Where did 2mv come from in the solution to the question below? 

I know that this is an inelastic collission, which is why the two objects have the same final velocity. However, I don't understand why they equated the V1(M+m) to 2mv. Where did they get 2mv from?
 A: When a man in frictionless surface throws the ball in forward direction, by conservation of linear momentum he gets pushed back (exactly the case in space where astronaut throws something back to move foreward).Here,when man throws the ball, the momentum of ball and man are exactly equal and their velocities are in opposite direction. But you need to note one thing that when the ball strikes the wall and rebounds, we consider it as an elastic collision. So, the velocity of ball after rebound is same as that of velocity with which it strikes the wall but the direction is just opposite. Here the opposite direction is the direction in which the man had already been moving.
As the man catches the ball (being inelastic collision) the momentum of ball gets transferred to combined system i.e.(man+ball).

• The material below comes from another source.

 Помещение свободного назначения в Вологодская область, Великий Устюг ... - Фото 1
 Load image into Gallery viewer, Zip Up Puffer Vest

A: Straight after the man throws the ball, his velocity is determined by conservation of linear momentum, that is, the momentum of the man recoiling is equal to the momentum of the ball leaving his hand:
$Mv_1=mv$
After the ball bounces elastically off the wall, it returns towards the man at opposite velocity (equal in magnitude, opposite direction), so applying conservation of momentum again, at the instant when he recatches the ball, we get:
$(M+m)V_1=Mv_1+mv$
ie: momentum of (man holding ball) = momentum of man + momentum of ball 
The $2mv$ comes from substituting $Mv_1=mv$ (momentum of man = momentum of ball) from the first conservation of momentum equation. That is,
$(M+m)V_1=Mv_1+mv = 2mv$
which gives:
$V_1=\frac{2mv}{(M+m)}$
A: When the man throws the ball, both the ball and the man get equal momentum in the opposite directions. Since the collusion is elastic, i.e: no loss in energy, the ball rebounds with momentum of the same magnitude but in the opposite direction. At this point, both the ball and the man have momentum in the same direction with equal mangitude. 
When the man catches the ball, the total momentum of the man-ball system is equal to the sum of the momentums of the ball and the man taken individually. Since the momentum of the ball and the man are of same magnitiude and same direction, they add up to give you twice the momentum of the ball.